# Record set:
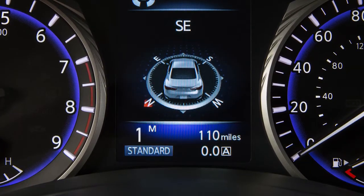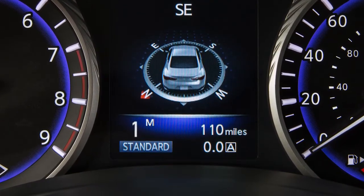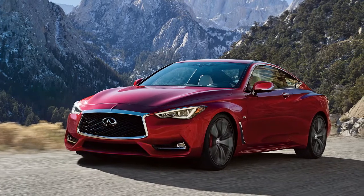First gear can be used for climbing steep hills slowly, driving slowly, or for maximum engine braking on steep downhill grades. Do not drive at high speeds for extended periods of time in lower than seventh gear, as this reduces fuel economy.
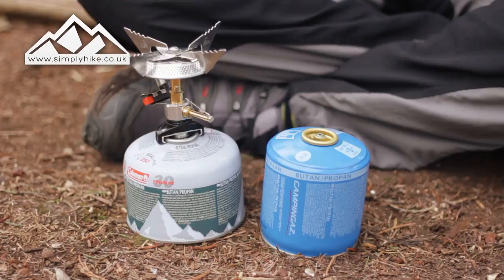I hope that helped guys. For any more information please visit us at simplyhike.co.uk.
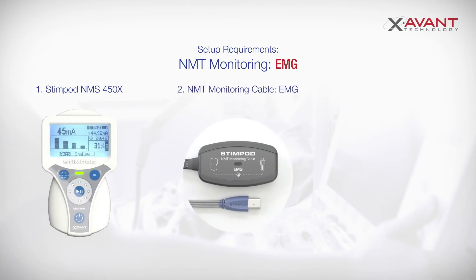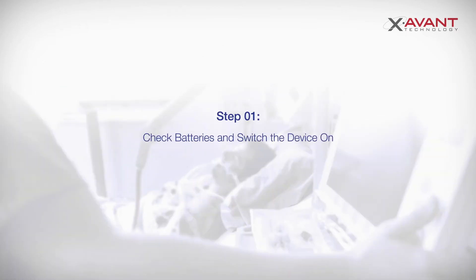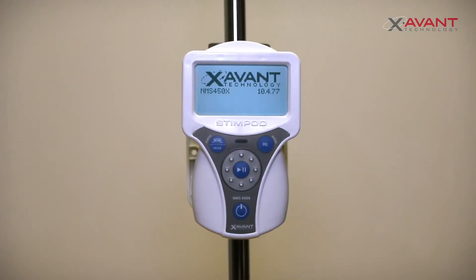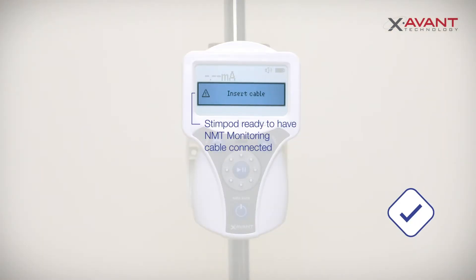an NMT monitoring cable EMG, and an EMG electrode. Start off by checking that the batteries have been correctly inserted and switch on the StimPod. An 'insert cable' screen prompt will appear. The StimPod is now ready to have an NMT monitoring cable connected.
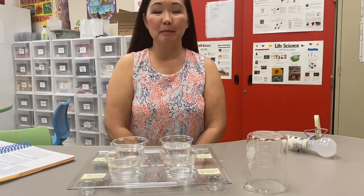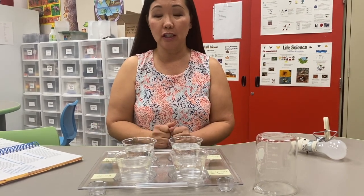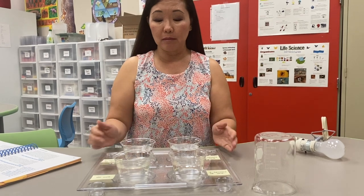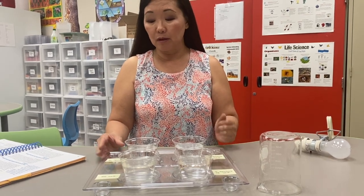Hi everyone, Ms. Patsy here at Castile Innovation Lab. We are looking at the brine shrimp that we were trying to hatch. It's been three days since we added them to our salt solutions, and we're going to go ahead and look at the results.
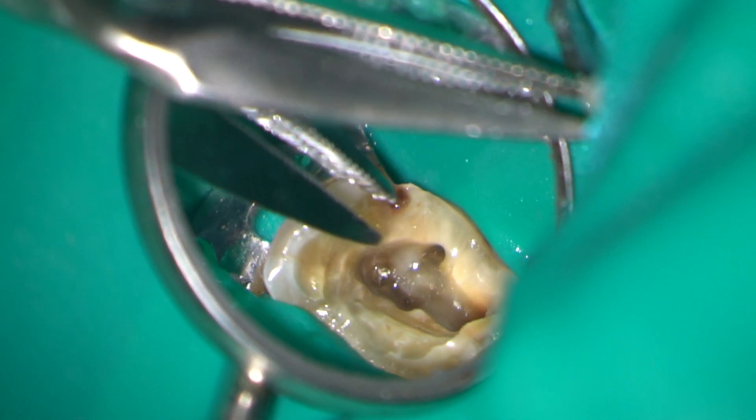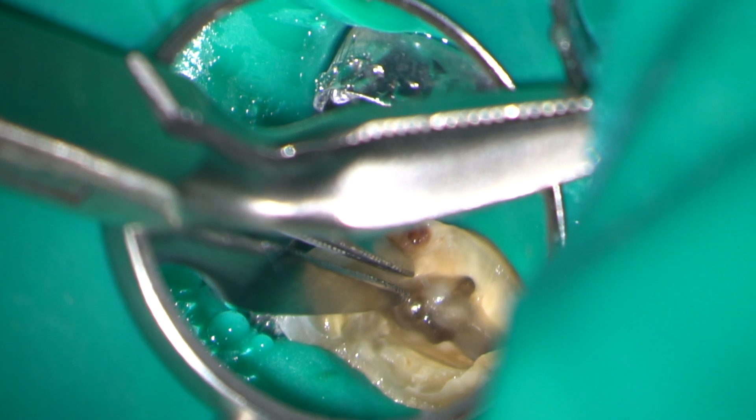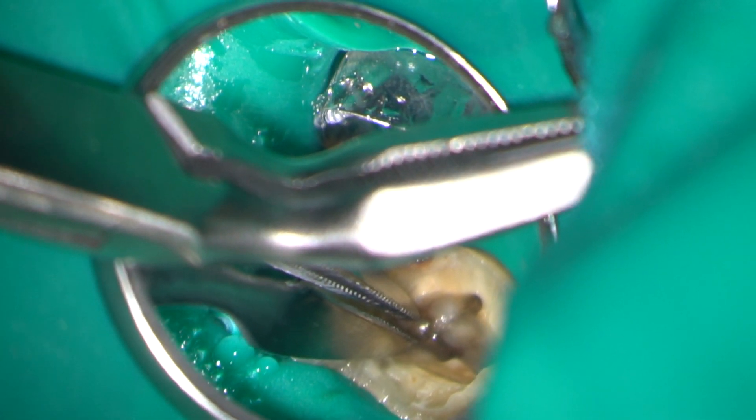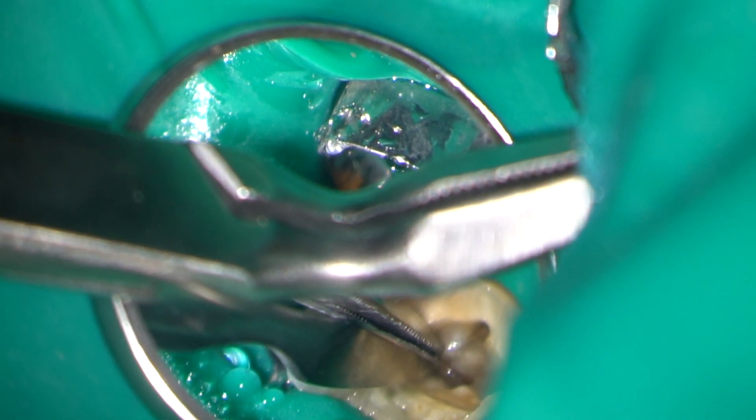I can now grasp the head of the silver point and retrieve it using Steiglitz forceps. By preparing and irrigating the MB2 first, I have helped loosen the silver point and made retrieval easier.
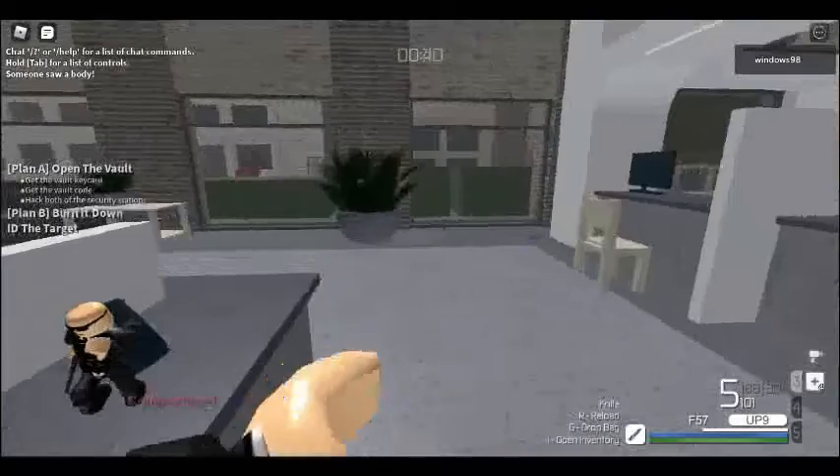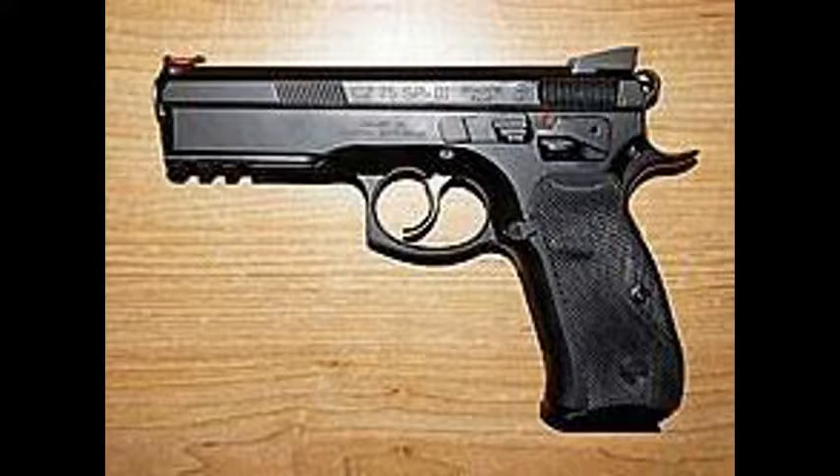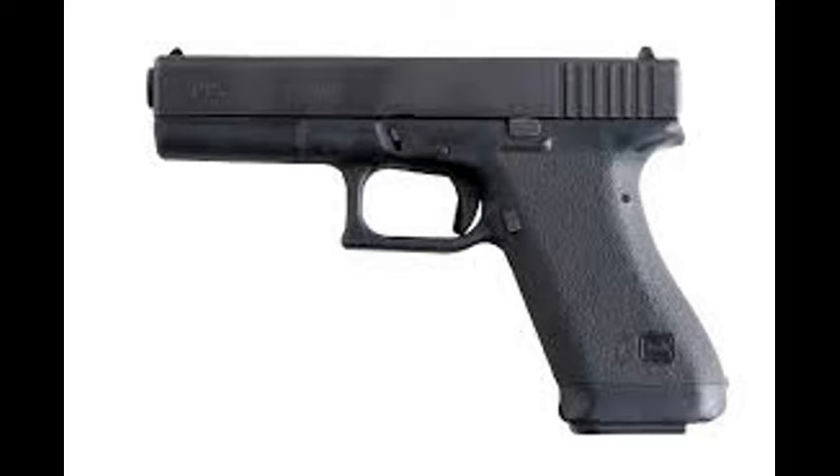In the official wiki, it's said that the UP9 is inspired by the Czech CZ-75. But with the details put on it, in my perspective at least, it looks like that one gun from the Glock series.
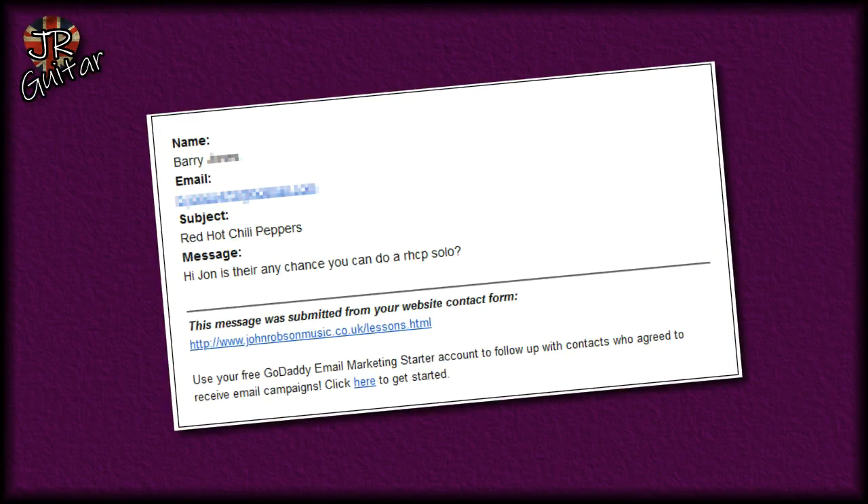So what have I got for you today? Well, a few days ago this email landed in my inbox: 'Hi John — you do know there's an H in my name, right? Does that make me a suspect in Line of Duty? Just saying. Anyway, crack on — is there any chance you can do a Red Hot Chili Peppers solo?' Well, of course I'm happy to oblige, so how about you try this one on for size.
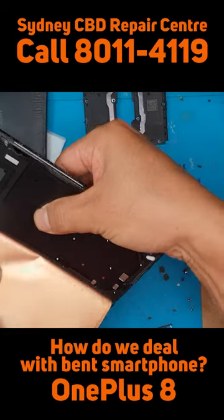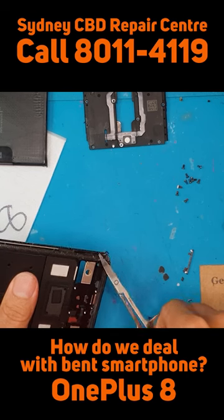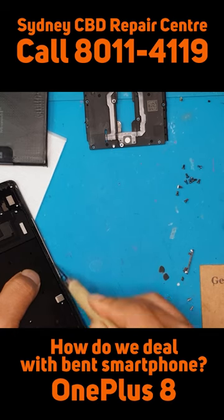Once we have removed the broken display, it is safe to continue with other steps such as cleaning the remaining residue.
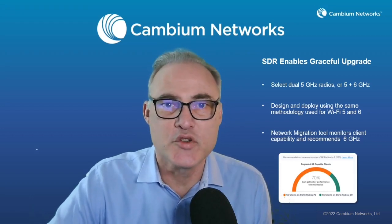Thank you for watching, and I hope you enjoy this new Wi-Fi 6E access point from Cambium Networks.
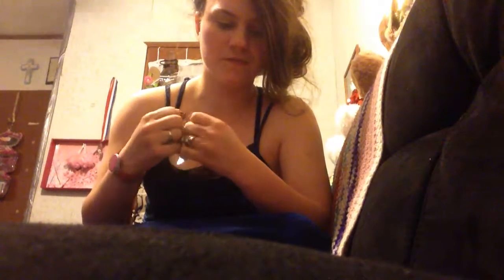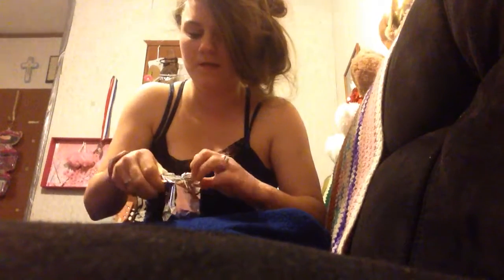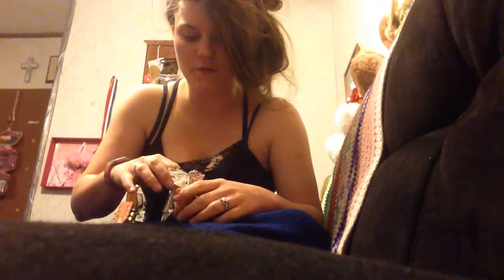Hey everybody, welcome to my channel. I wanted to talk about the Bumble Bee buffalo-style chicken salad with crackers. This is what it looks like — it kind of looks like dog food, but trust me, it's really good. It comes with five crackers, and I have some extra crackers next to me so I can try this out.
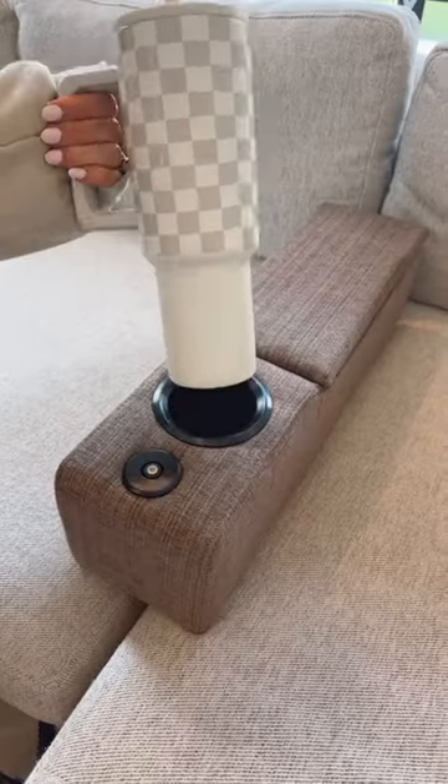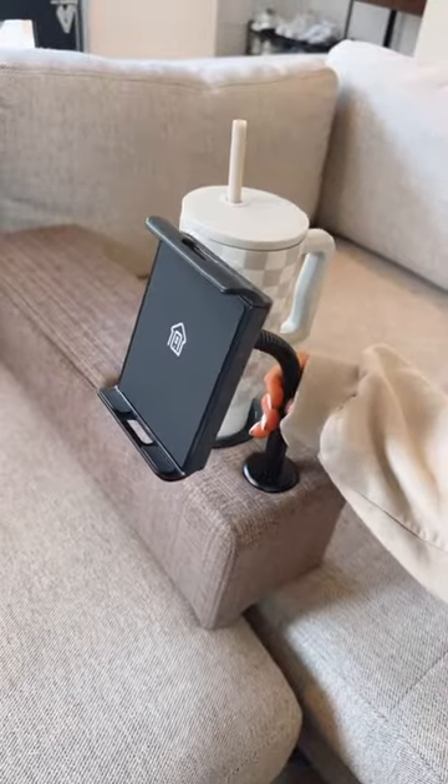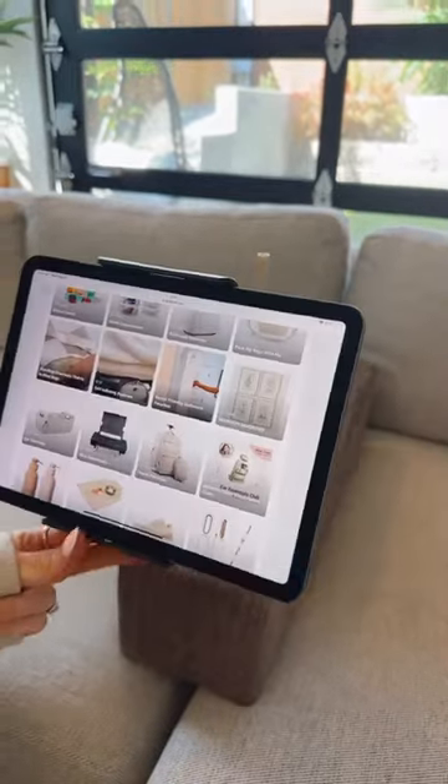Add an additional armrest to your sofa or loveseat that gives you a cup holder, but it's this section that's really special. This armrest comes with an adjustable wireless phone charger that will also wirelessly charge some tablets — you can scroll or stream from your device.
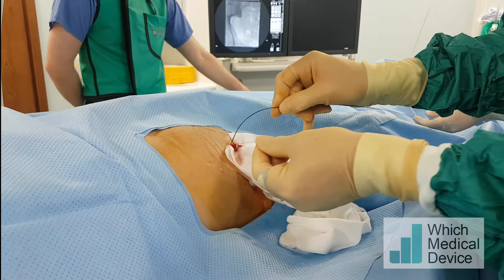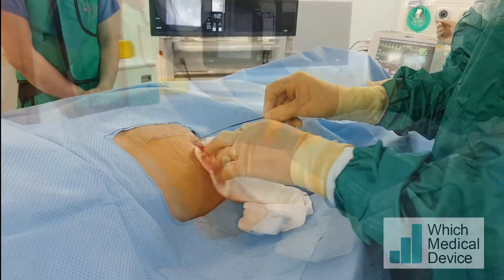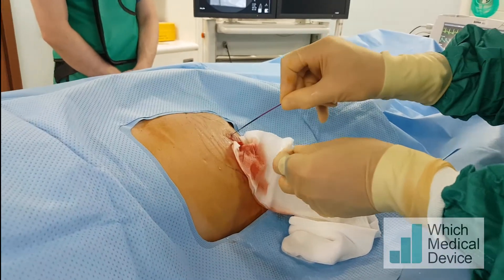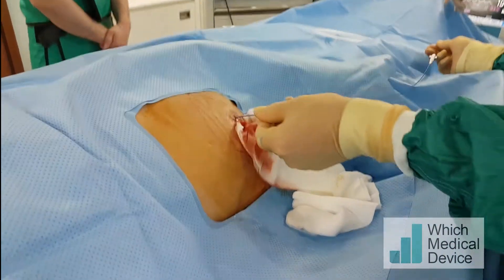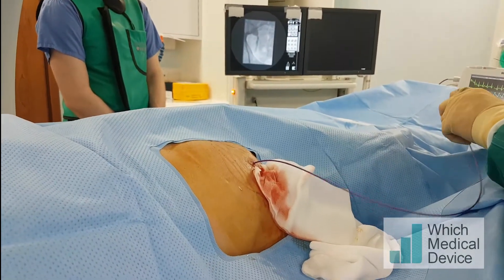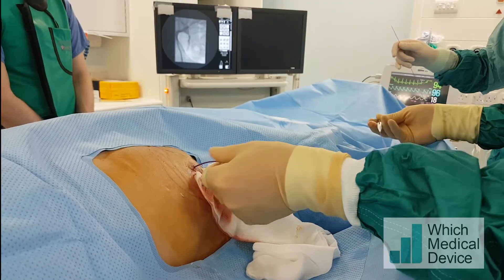You just have to make sure you remove the thread as well and don't leave that. I'm inserting a Merit Vantage 2 angle tip catheter over the Benson guide wire into the transplant. This will allow me to steer a guide wire down the ureter.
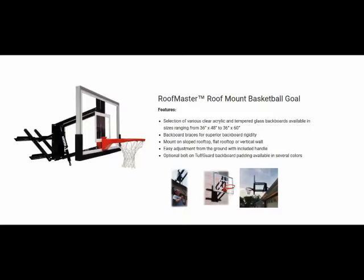For player safety, First Team offers optional backboard padding for each Roof Master basketball package. Every Roof Master adjustable roof mount basketball goal package comes with a lifetime limited warranty.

# Task directions:
What you write must match the listing exactly, from the line with "Hi everyone, Ms." up to and including the line with "So what have". Pictures stay out.

# Output for this task:
Hi everyone, Ms. Patsy here at Castile Innovation Lab. We are looking at the brine shrimp that we were trying to hatch. It's been three days since we added them to our salt solutions, and we're going to go ahead and look at the results.
I can now grasp the head of the silver point and retrieve it using Steiglitz forceps. By preparing and irrigating the MB2 first, I have helped loosen the silver point and made retrieval easier.
In the official wiki, it's said that the UP9 is inspired by the Czech CZ-75. But with the details put on it, in my perspective at least, it looks like that one gun from the Glock series.
So what have I got for you today? Well, a few days ago this email landed in my inbox: 'Hi John — you do know there's an H in my name, right? Does that make me a suspect in Line of Duty? Just saying. Anyway, crack on — is there any chance you can do a Red Hot Chili Peppers solo?' Well, of course I'm happy to oblige, so how about you try this one on for size.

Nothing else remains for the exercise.